El indulto que el Govern de Pedro Sánchez ha concedido a la expresidenta del Parlament Laura Borràs evitará que entre en prisión, pero mantiene los 13 años de inhabilitación para cualquier cargo público. Por esta razón, Borràs ha advertido que su pulso con la justicia española sigue adelante. "Hoy termina la pesadilla de creer que me podía ver privada de libertad sin haber cometido nunca ningún delito. Pero la pesadilla no finalizará hasta que un tribunal determine que no solo la sentencia, sino todo el proceso judicial que he sufrido, es una gran injusticia", ha advertido la expresidenta a través de un tuit en su cuenta de X, donde asegura que sufrió una "permanente y flagrante vulneración" de derechos civiles, democráticos y políticos.
En su publicación, recuerda que el Govern la ha indultado atendiendo a la petición que formuló el mismo tribunal que la juzgó, que en la sentencia consideró que la pena impuesta era "excesiva y desproporcionada", lo cual, a juicio de Borràs, "es una manera bastante singular de admitir que es una condena injusta".
El gobierno español ha decidido hoy que no iré a la prisión pero, también, que mantiene la inhabilitación de 13 años para cualquier cargo electo.
— Laura Borràs 🎗 (@LauraBorras) July 28, 2026
No me ahorra el encarcelamiento por iniciativa propia, sino atendiendo la solicitud del mismo tribunal que me juzgó y que en la…
Por todo ello, asegura que la decisión de hoy del Consejo de Ministros no es un punto final, sino un punto y aparte en la lucha por su honorabilidad, que mantiene en instancias europeas. En cualquier caso, asegura que ningún tribunal ni ningún gobierno puede determinar su compromiso con la independencia de Catalunya, que continúa como el primer día. "El Estado español me mantiene inhabilitada para la política institucional, pero es muchísima la gente que me habilita cada día para la política activa, con su apoyo y el deseo explícito de que continúe implicada en esta tarea colectiva que es la lucha por la plena libertad de nuestro país", asegura.

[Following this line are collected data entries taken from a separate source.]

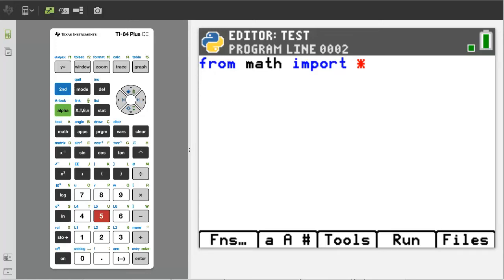Hi, this is Rob. How to use the input function on the TI-84 plus CE Python edition.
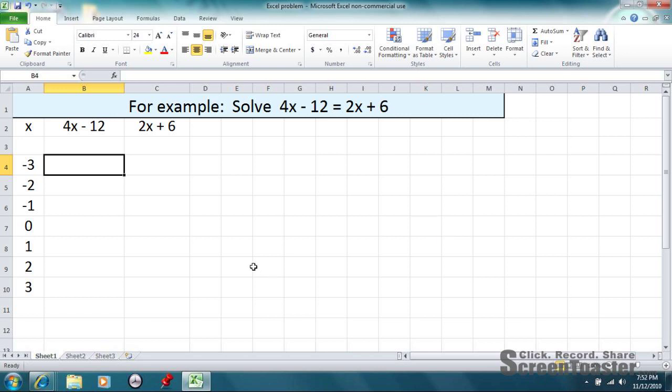Alright, I'm going to show you how to solve this equation right here, 4x minus 12 equals 2x plus 6, using Microsoft Excel.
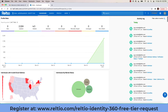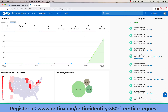It starts with the profile stats, which give a quick understanding of the data lifecycle processes that have been executed over a particular time window. Here I can see adds, updates, deletes, matches, automatic merge, manual merge, unmerge, and not-a-match events that have occurred over time.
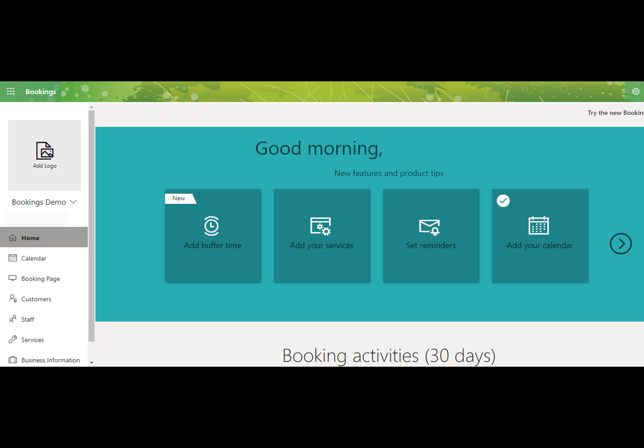This is the Bookings dashboard. Clicking Home or launching the Bookings program will take you to this page. To complete setup, you will adjust the following pages: Business Information, Bookings Page, and Services.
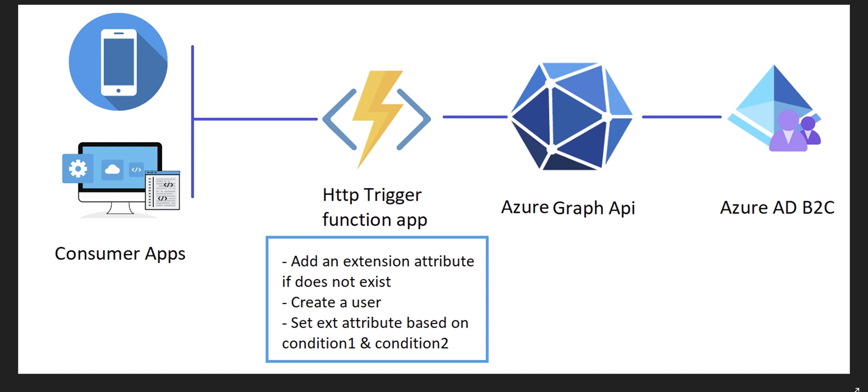Hello everyone. Today in this video I want to show you how you can create an Azure Function on top of Azure Graph API to retrieve Azure AD B2C user and return it to a consumer application.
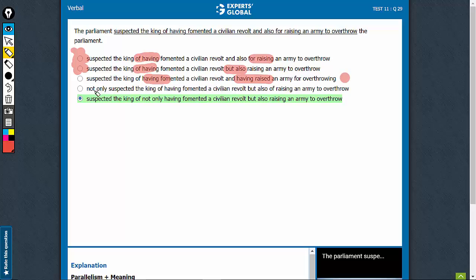Option D, not only but also, this usage is correct. But then, if you look at it closely, not only suspected the king of having, but also of raising.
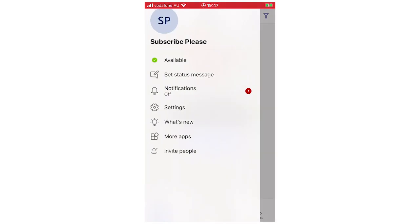At the top it will have potentially just your name and a picture, it could be just your initials or whatever. Right now it's going to say subscribe please, that will just be your name there.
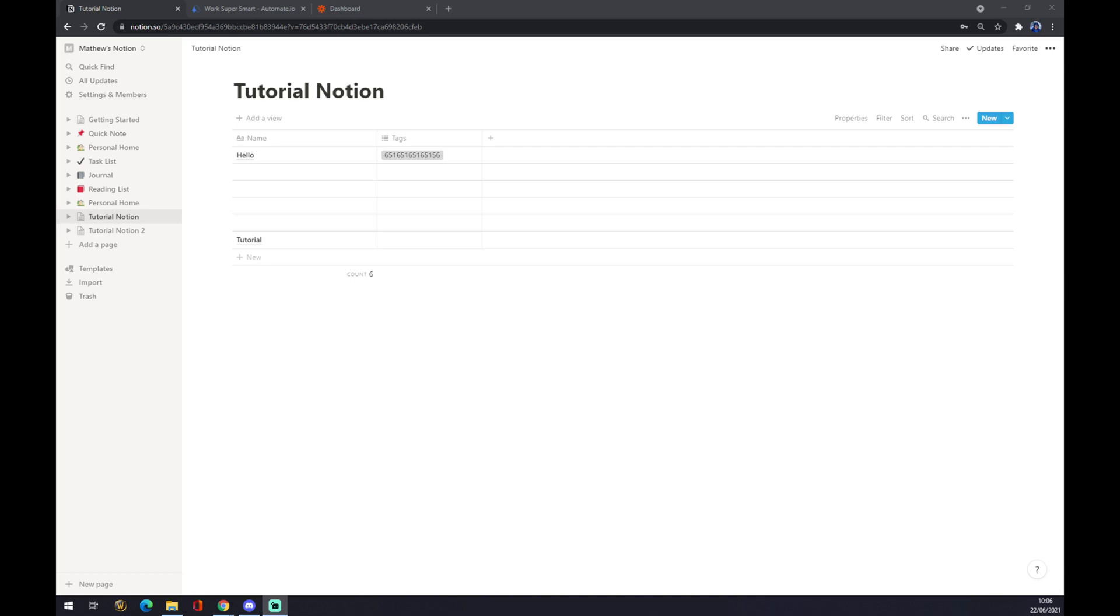Hello guys, my name is Matthew, and in today's video I'm going to show you how you can integrate Notion with Microsoft Outlook. First of all, we have to create ourselves an account at notion.com.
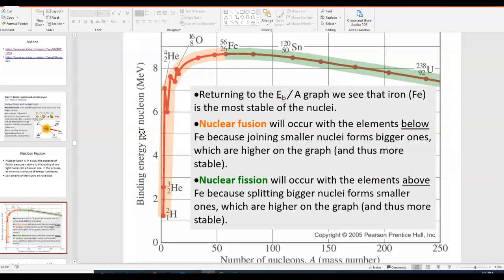This curve we've seen before — this is a binding energy per nucleon curve. On the left side you can see the part of the curve where nuclear fusion can occur. In any nuclear reaction, you typically have energy being released, meaning that the products are going to have a higher binding energy per nucleon than the reactants, because the products have to be more stable.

En su sentencia del 2023, el TSJC admitió que la pena que se imponía a Borràs por los delitos continuados de falsedad documental no podía ser inferior a los cuatro años, seis meses y un día, lo que resultaba "desproporcionado y excesivo" para la realidad de los hechos. Además, recordaba que los trabajos por los que se la acusaba de fraccionamiento de contratos se habían llevado a cabo, que la Institución de las Letras Catalanas recibió los trabajos "a plena satisfacción", que no se registró ningún "lucro o beneficio económico" por parte de ninguna de las personas relacionadas con los hechos y que la ILC no sufrió ningún perjuicio económico. Ante esta constatación, el propio tribunal planteó al gobierno español una propuesta de indulto parcial de la pena de prisión.
La decisión del Consejo de Ministros sobre el indulto recibió también la respuesta del president al exilio, Carles Puigdemont, y del secretario general del partido, Jordi Turull, quien ha subrayado que esta noticia no repara el daño ya hecho en Borràs y su familia, ni los perjuicios que persistirán con la inhabilitación.